E poi il Papa continua a modificare il linguaggio ecclesiale, depurandolo della retorica eccessiva, dei barocchismi per andare all’essenziale, e trae esempi dalla grande cultura spagnola e italiana citando Lope de Vega e Manzoni.

«Oggi abbiamo perso il senso della responsabilità fraterna; siamo caduti nell’atteggiamento ipocrita del sacerdote e del servitore dell’altare, di cui parla Gesù nella parabola del Buon Samaritano: guardiamo il fratello mezzo morto sul ciglio della strada, forse pensiamo “poverino”, e continuiamo per la nostra strada, non è compito nostro; e con questo ci sentiamo a posto. La cultura del benessere, che ci porta a pensare a noi stessi ci rende insensibili alle grida degli altri, ci fa vivere in bolle di sapone, che sono belle, ma non sono nulla, sono l’illusione del futile, del provvisorio, che porta all’indifferenza verso gli altri, anzi porta alla globalizzazione dell’indifferenza. Ci siamo abituati alla sofferenza dell’altro, non ci riguarda, non ci interessa, non è affare nostro!».
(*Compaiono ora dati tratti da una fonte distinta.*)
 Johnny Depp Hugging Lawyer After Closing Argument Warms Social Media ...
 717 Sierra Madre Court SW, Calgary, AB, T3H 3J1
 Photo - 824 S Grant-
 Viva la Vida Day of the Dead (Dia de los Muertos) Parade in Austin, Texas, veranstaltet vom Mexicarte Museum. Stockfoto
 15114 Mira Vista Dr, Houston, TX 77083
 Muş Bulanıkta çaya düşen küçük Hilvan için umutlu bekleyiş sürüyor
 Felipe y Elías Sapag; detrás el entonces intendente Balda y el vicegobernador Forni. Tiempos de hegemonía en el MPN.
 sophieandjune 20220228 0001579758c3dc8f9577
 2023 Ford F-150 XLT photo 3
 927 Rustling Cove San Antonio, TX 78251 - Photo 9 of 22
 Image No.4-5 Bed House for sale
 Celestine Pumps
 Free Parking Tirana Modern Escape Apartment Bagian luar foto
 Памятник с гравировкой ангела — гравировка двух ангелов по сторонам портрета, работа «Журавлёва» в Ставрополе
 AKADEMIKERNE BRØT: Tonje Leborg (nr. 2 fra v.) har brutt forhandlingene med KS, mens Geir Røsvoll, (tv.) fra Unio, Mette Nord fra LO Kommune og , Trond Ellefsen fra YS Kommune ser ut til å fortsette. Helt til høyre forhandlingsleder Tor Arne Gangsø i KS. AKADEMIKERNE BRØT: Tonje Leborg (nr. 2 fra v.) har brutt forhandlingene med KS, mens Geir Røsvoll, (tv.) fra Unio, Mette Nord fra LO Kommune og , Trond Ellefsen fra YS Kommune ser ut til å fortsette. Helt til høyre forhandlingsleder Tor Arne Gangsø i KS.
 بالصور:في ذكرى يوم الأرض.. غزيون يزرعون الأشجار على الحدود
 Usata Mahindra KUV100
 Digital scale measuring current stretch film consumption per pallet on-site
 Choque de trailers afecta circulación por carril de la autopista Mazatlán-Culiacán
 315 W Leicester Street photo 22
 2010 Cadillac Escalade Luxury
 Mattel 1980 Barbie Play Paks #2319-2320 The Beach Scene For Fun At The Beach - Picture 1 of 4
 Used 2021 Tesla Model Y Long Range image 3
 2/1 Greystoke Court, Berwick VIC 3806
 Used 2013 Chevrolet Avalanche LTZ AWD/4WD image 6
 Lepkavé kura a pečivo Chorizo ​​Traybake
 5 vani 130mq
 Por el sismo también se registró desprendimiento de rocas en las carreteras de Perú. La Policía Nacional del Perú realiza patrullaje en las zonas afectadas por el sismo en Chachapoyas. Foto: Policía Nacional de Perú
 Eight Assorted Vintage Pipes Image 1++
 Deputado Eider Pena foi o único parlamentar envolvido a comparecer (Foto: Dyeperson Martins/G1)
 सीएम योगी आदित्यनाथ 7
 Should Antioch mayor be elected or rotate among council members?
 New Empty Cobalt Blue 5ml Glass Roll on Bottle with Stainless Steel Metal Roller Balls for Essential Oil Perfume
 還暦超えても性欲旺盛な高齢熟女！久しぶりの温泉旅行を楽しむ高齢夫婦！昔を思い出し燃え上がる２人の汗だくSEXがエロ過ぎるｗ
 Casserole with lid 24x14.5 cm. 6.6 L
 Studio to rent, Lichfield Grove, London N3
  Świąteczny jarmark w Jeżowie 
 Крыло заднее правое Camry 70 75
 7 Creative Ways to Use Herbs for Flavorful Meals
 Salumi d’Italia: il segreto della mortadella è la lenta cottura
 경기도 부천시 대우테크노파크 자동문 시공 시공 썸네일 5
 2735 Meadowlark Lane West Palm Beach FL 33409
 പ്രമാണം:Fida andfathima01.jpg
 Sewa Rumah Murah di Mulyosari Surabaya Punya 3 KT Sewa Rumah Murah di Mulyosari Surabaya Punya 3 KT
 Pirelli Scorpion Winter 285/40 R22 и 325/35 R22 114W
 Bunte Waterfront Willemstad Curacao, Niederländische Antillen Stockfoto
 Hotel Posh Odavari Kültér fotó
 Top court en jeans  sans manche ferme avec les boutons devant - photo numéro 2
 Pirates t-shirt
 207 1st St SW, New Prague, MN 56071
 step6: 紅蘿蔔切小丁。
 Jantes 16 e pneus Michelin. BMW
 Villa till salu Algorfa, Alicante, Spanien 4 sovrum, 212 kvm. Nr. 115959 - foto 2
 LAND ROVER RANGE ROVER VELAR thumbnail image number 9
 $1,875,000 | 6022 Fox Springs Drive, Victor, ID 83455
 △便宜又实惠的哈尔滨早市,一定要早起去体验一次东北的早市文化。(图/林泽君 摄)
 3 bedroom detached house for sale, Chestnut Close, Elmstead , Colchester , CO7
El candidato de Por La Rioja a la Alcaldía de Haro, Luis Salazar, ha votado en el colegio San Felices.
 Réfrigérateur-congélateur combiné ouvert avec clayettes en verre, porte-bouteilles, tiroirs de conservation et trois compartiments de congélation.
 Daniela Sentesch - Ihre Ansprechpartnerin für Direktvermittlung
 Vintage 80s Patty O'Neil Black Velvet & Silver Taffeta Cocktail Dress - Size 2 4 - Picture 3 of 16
Quindi «ritorna la figura dell’Innominato di Manzoni. La globalizzazione dell’indifferenza ci rende tutti “innominati”, responsabili senza nome e senza volto». È questo richiamo alla responsabilità individuale, al “contare” di ogni persona che sta infine la forza del messaggio del Papa: un restituire identità e quindi anche diritti e doveri a ciascuno, da una parte e dall’altra del mare.